香肌小学校でボランティアを募集しているのに手を挙げて
時間をもらって読み聞かせを続けてもう5年です。
本人たちの前では6年間ありがとうって言っちゃったぜ。
まあでもその前の年からやりたいなぁとうずうずしており、今の6年生は2年生のときからずっと熱心に優しく礼儀正しく読み聞かせの時間を楽しんでくれました。
ちっちゃかったあの子たちが立派な学校のリーダーになって
ほんとえらそうになって
それでもきちんと礼儀正しく話を聞いて、優しく反応してくれます。
読み聞かせは月1なのですが、定期的でもなくわりと行き当たりばったりになってしまい、選書もギリギリになることも多いのですが、毎回雰囲気を変えながら、誰かには突き刺さるイメージで細々楽しく続けています。
可能ならば読み聞かせは淡々と、物語が相手の心に入り込むように抑揚も控えめに語りかけるのがいいという正当な説と、やはり楽しい時間を過ごすのがよいという人気の説があり、私なりに試行錯誤してハイブリッドで行っています。
夏休みもあるので年間まあ10回くらい。低学年と中学年以上で2回あるので、20回。
お話1つのときや短い話をいくつかの時といろいろありますが、
ざっくりと1.2×2×10で1年で24
24×5年で大体120のお話を演じる機会があったようです。
記録付けてないし、いつどの子にどの話をしたのか記憶に頼るしかないのですが、結構覚えているものです。子供の方はすっかり忘れちゃっててちっとも構わないという前提の元、私が手渡したい話はその都度あって、一度は受け止めてもらうことができています。プレゼントは渡せるほうが嬉しいものです。
そんな120くらいの思い出をあれこれ巡らせての、今年度卒業前の読み聞かせは、3冊の絵本になりました。
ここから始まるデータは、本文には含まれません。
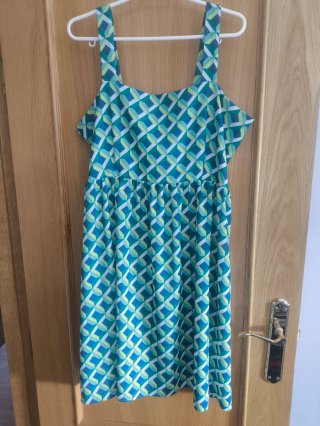 Vestido de verano con estampado geométrico
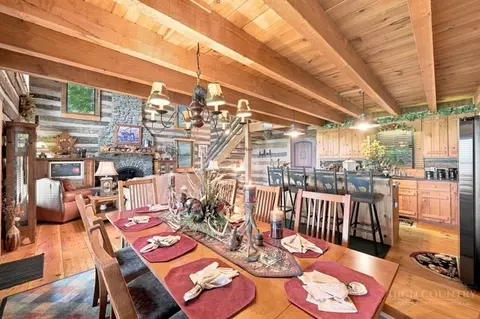 Dining - 333 Tomahawk Dr, Todd, NC 28684 photo 1 of 4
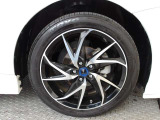 モデリスタ製17インチアルミ装着!タイヤサイズは215/45R17です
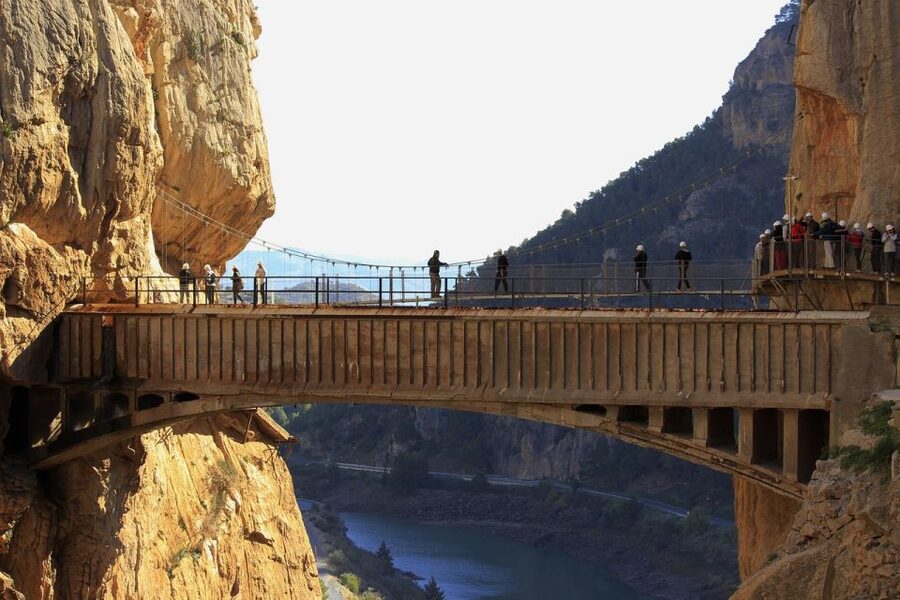 From Marbella or Estepona: Caminito del Rey Guided Day Trip - Walking the gorge path: what it’s like from step one to the bridge moment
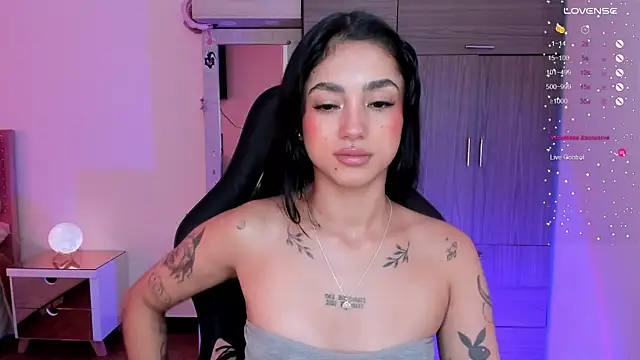 Lizzie_corner_v webcam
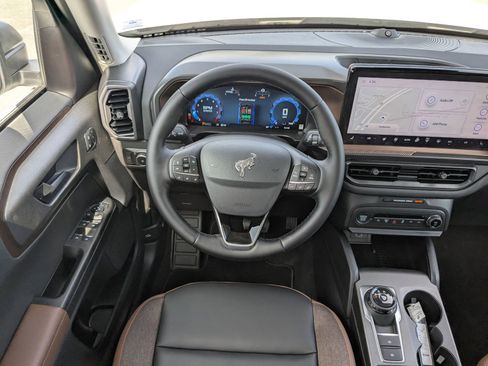 New 2025 Ford Bronco Sport Outer Banks w/ Outer Banks Tech Package+ image 17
まずはものすごく初期に小さかったあの子たちに読んだこれ。
言葉のリズムと自由にもほどがある絵が最高な一冊です。
それから、泣くならこの本を読みながらなら許されるかもしれないと思った
好きな絵本5本の指に入るこちら。
案の定うるっときましたが、そこは私も演者としてはセミプロです。さらっとこらえて次のページにいけました。
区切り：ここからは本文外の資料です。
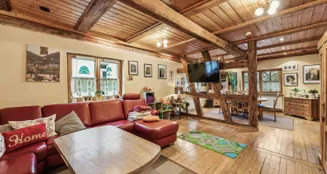 von_poll_real_estate_property_25093048_image_0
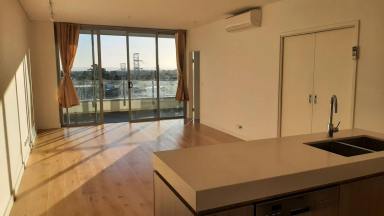 Apartment For Lease - NSW - Carlingford - 2118 - 1 bedroom + Bedroom-Sized Air-conditioned Study with Sliding Door  (Image 2)
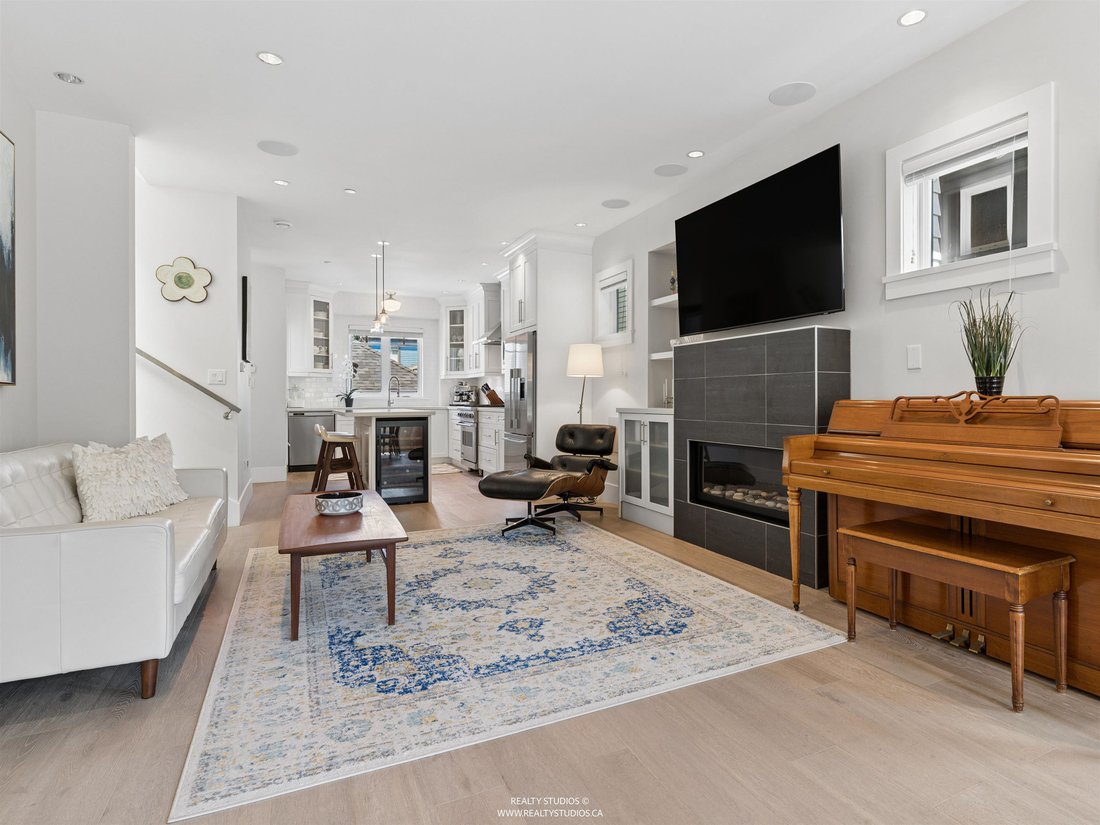 House in Vancouver, British Columbia, Canada 5 - 18537151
何回読んでも目が潤う本ってなかなかないのですが、この話は別格ですね。
『とりかえっこ』という絵本と同じ、二俣英五郎さんの絵で、ひよこも登場するしどの絵も額縁に入ったような雰囲気はとても似ています。物語の作者は異なりますが、続けて読んでもいい組み合わせです。
心がいっぱいになって、最後はマーガレット・ワイズ・ブラウンのこちら
基本的に訳された言葉で絵本を読むのですが、私はマーガレット・ワイズ・ブラウンの言葉が美智子前皇后陛下と同じくらい好きです。何冊か英語で読んだこともあって、シンプルだけどリズム感、言葉の広がり、例えの使い方など、たまらなく上手です。
永遠の憧れと言っていいこの人の本を通じて
「あなたはたいせつ」というメッセージをそのまま伝えることができたでしょうか。
香肌小学校は地域の人の出入りが多い安全な学校です。
このご時世、関係者以外は立ち入り禁止と格子を張り巡らせてもおかしくないかもしれませんが、あえてオープンであることで子供たちが受け取るものがあります。
親でもない、先生でもない、地域の人からなにかしてもらう経験を多く重ねていくと、必ずとは言わないまでも、他者に何かをすすんですることが当たり前になります。
人に限らず生き物は受けたエネルギーを返したり回したりするようになっているので、地域の人からの一方的な愛情が、いつかどこかで他の誰かに回るといいなと思います。
この本もよく使う私のお気に入り。古今東西伝わってきた物語が頭と心の柔らかい子供たちのどこかに入り込んで、この先の人生を面白くする一助になれば、こんなに嬉しいことはありません。
あ、なんか真面目な話になっちゃったな。